Compsus is a genus of broad-nosed weevils in the family Curculionidae, distributed across the Americas, primarily in northern South America.

Taxonomy 
The genus Compsus was first named by Carl Johan Schönherr in  1823: col. 1140. It belongs to the subfamily Entiminae, tribe Eustylini and to the so-called "Compsus genus complex".

A key to identify species was provided by Hustache in 1938 (in French), which was translated to English and adjusted by O'Brien and Peña.

Description 
Broad-nosed weevils of moderate size (approx. 7–12 mm), most of them uniformly covered by scales of variable coloration ranging from white to metallic green, pink, and blue. 
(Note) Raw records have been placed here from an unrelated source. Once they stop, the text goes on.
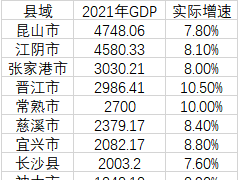 最新GDP十强县：昆山连续18年居首，神木重返前十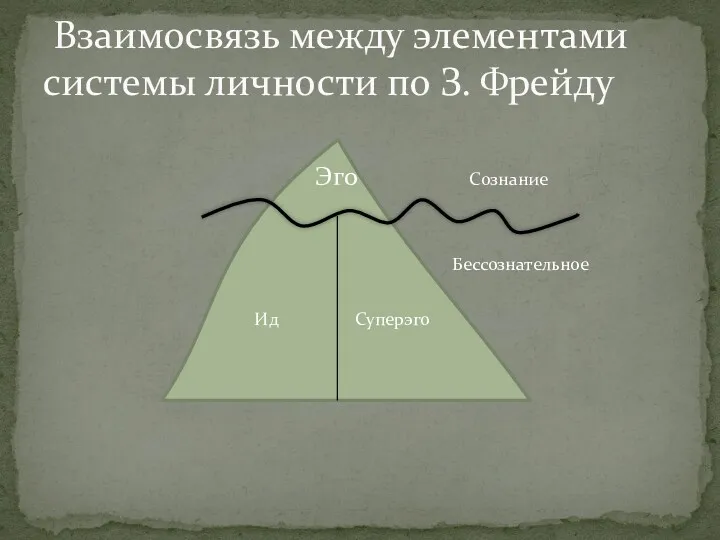 Эго Сознание Бессознательное Ид Суперэго Взаимосвязь между элементами системы личности по З. Фрейду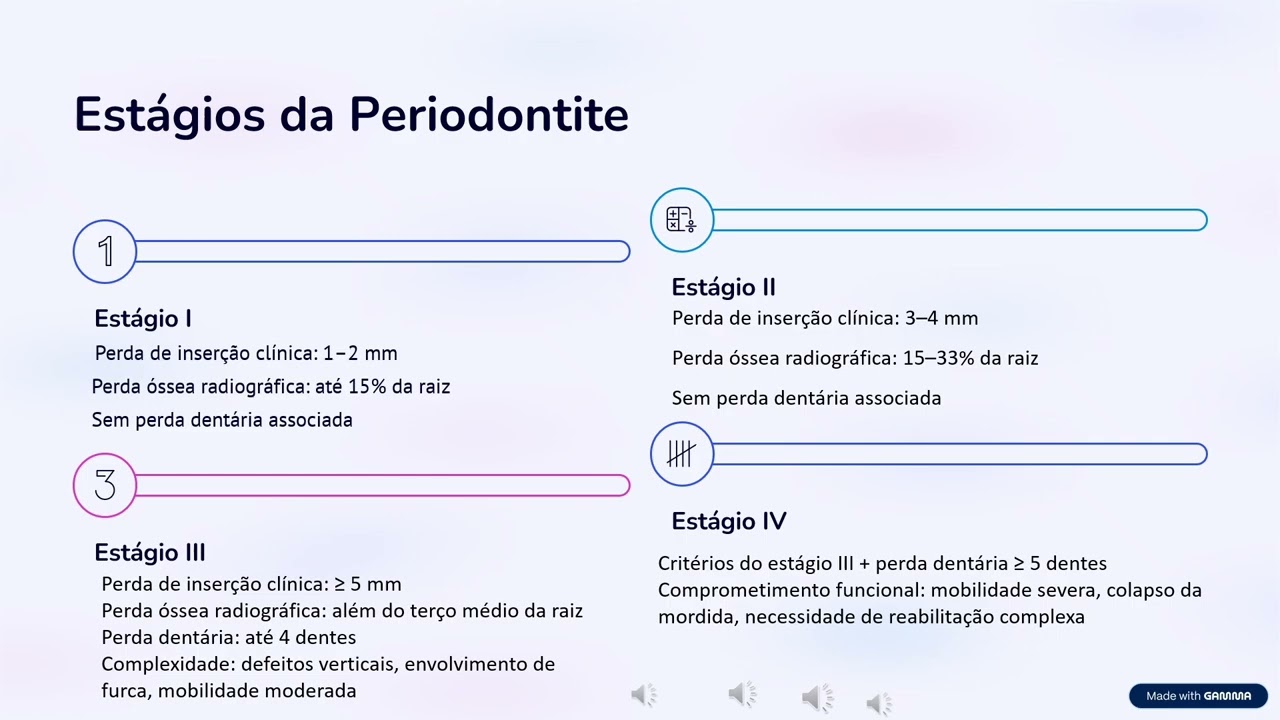 Nova classificação periodontal #dentista , nueva clasificación periodontal, contenido para revalida 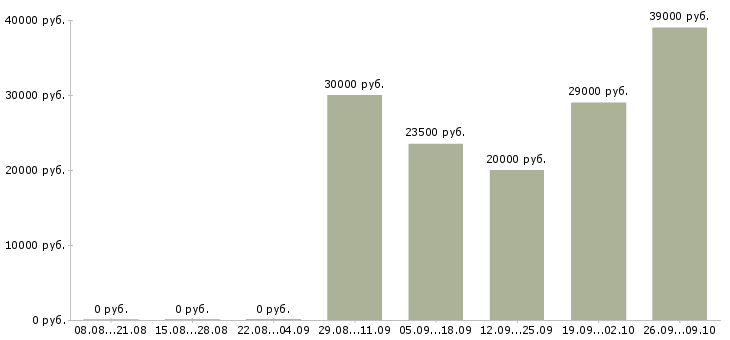 Вакансии продавец по выкладке товара в Сургуте - Медиана зарплат продавец по выкладке товара в Сургуте за 2 месяца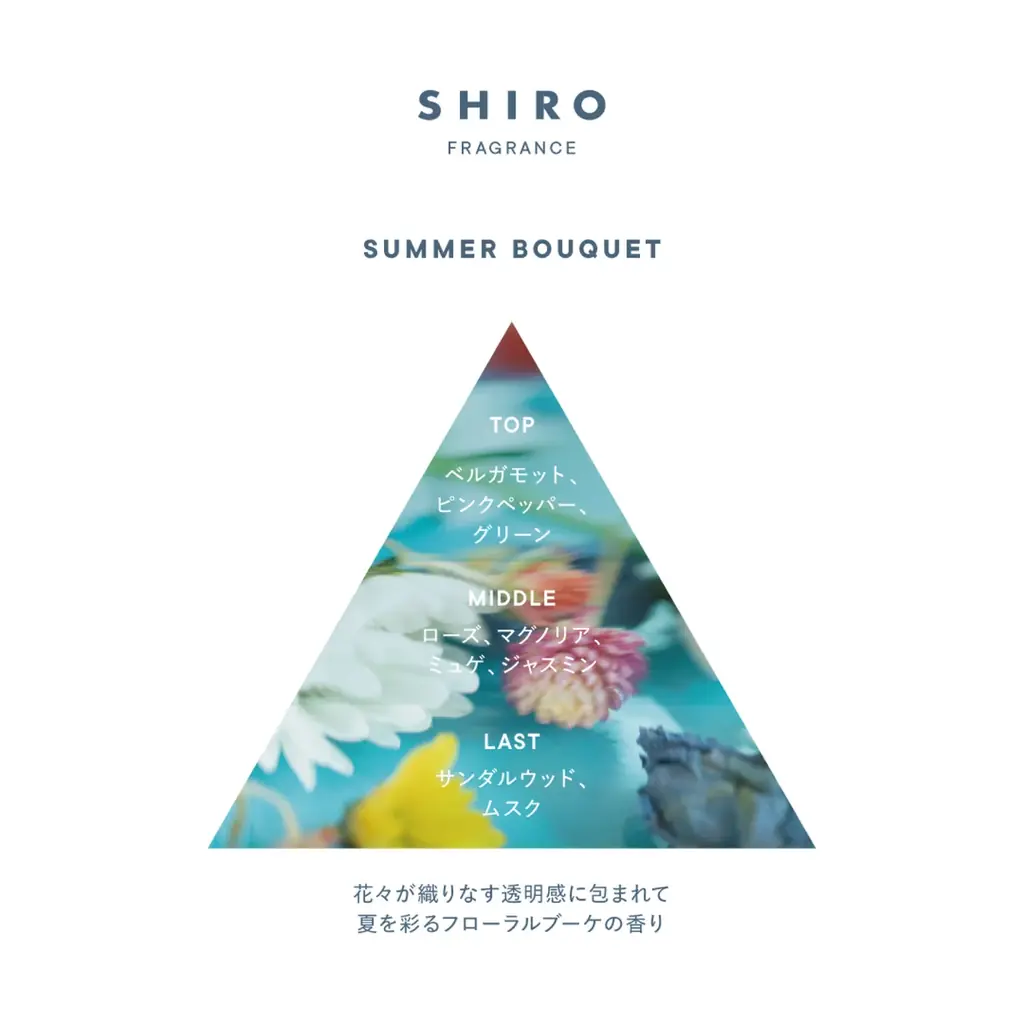 【SHIRO】LIMITED FRAGRANCE サマーブーケ 画像 5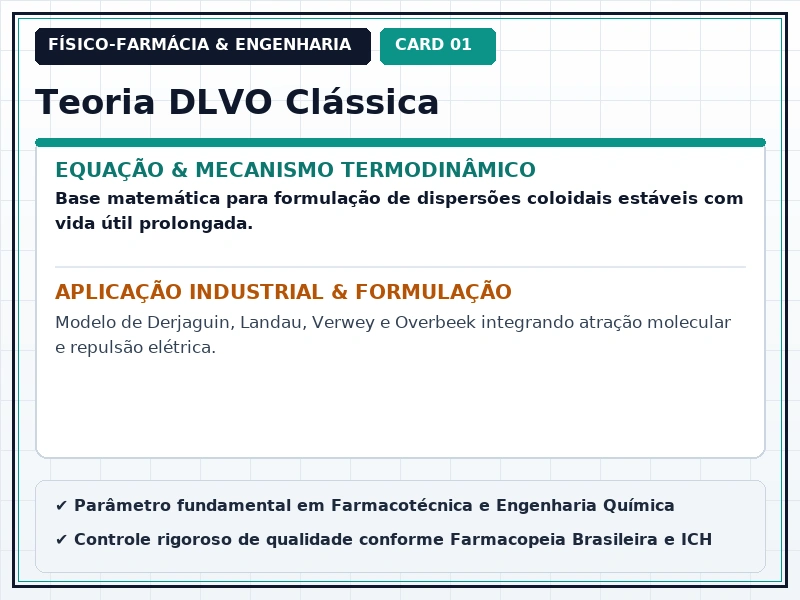 Cartão Técnico 1 - Estabilidade de Suspensões e Emulsões
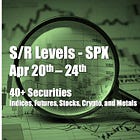 Unstoppable Train - Will Earnings Fuel the Rally?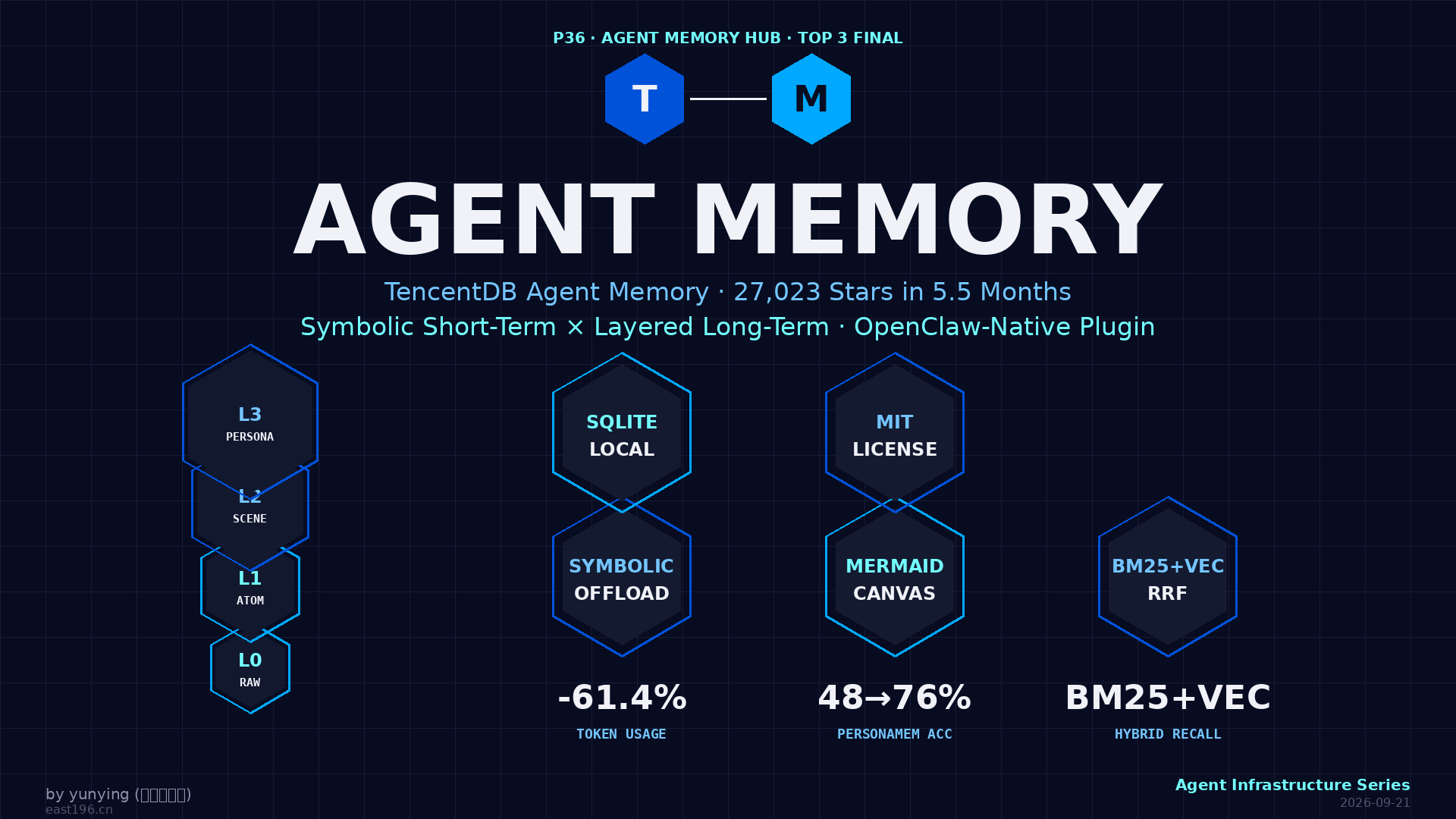 TencentDB Agent Memory 调研:27K ⭐ 的 Agent 记忆中枢,把 61% 的 token 省出来了 TencentDB Agent Memory 调研:27K ⭐ 的 Agent 记忆中枢,把 61% 的 token 省出来了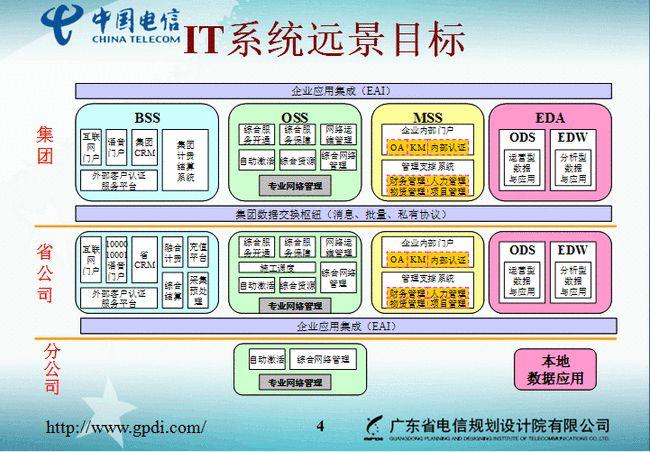 福建电信vps(福建电信网上营业厅)(福建电信oss门户)(里面的oss是什么)-图2 福建电信vps(福建电信网上营业厅)(福建电信oss门户)(里面的oss是什么)-图2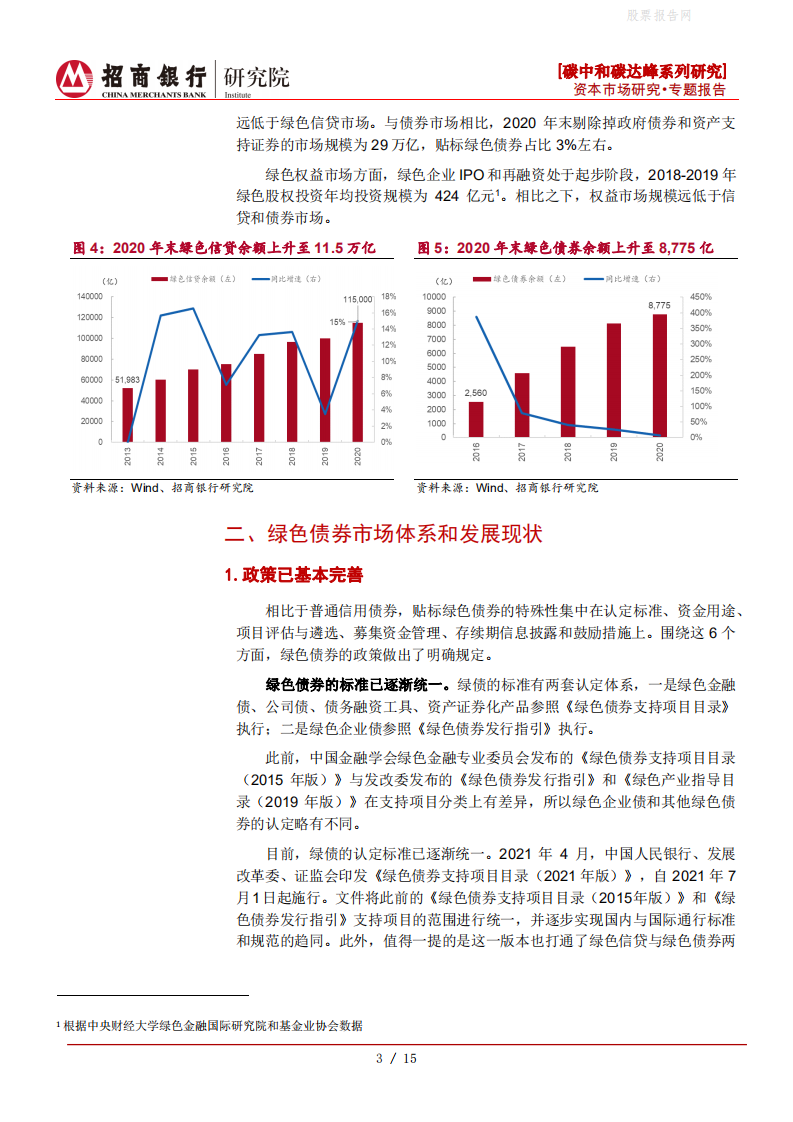 碳中和碳达峰系列研究之绿色债券篇：逐步打通投融资链接，探索绿色债券机遇-招商银行.pdf 第6页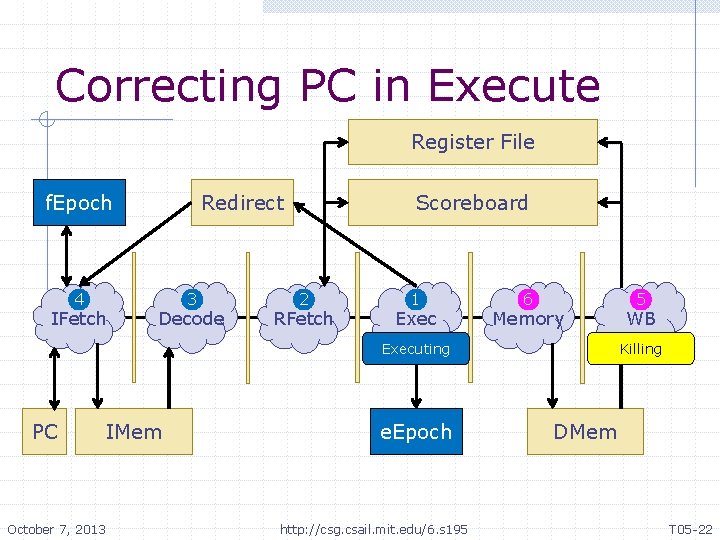 Correcting PC in Execute Register File f. Epoch 4 IFetch Redirect 3 Decode Scoreboard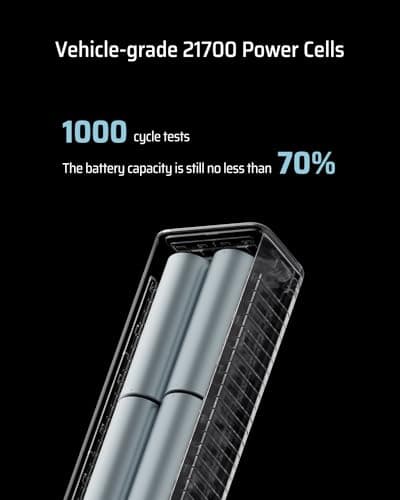 CUKTECH 15 Power Bank 20000mAh, 100W USB C Portable Laptop Charger, 3-Port PD 3.0 Fast Charging Battery Pack, Compatible with iPhone 16/15/14/13, Samsung, MacBook, Dell, Steam Deck and More 7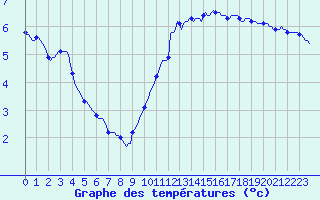 Courbe de tempratures pour Aytr-Plage (17)
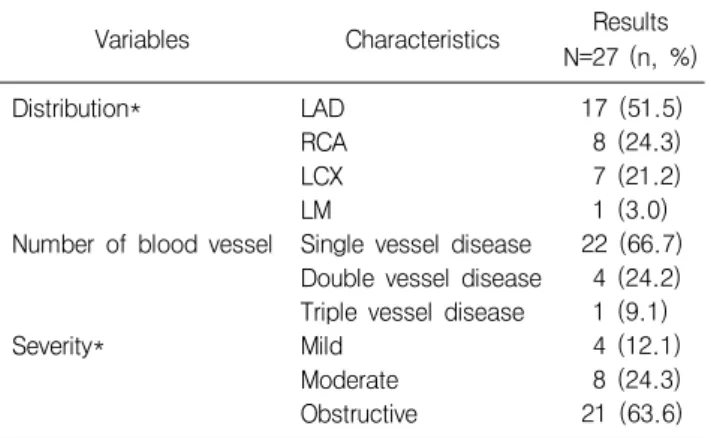 Fig.  2.  Distribution  of  the  CAD.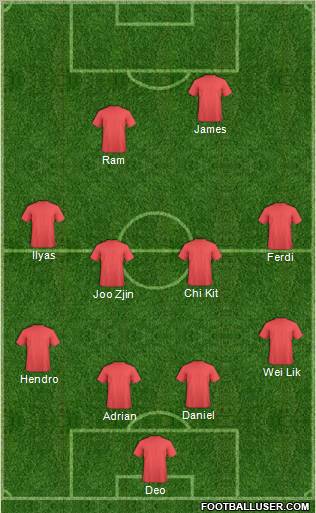 Dream Team Formation 2011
Many morphological features of Compsus overlap with those of related eustyline genera including Exorides, Eustylus, and Oxyderces, composing the so-called "Compsus genus complex".

Distribution 
Argentina, Bolivia, Brazil, Colombia, Ecuador, French Guiana, Guyana, Peru, Suriname, Venezuela; Costa Rica, Guatemala, Mexico, Nicaragua, Panama; Guadeloupe, Jamaica, NC, SE, SW USA.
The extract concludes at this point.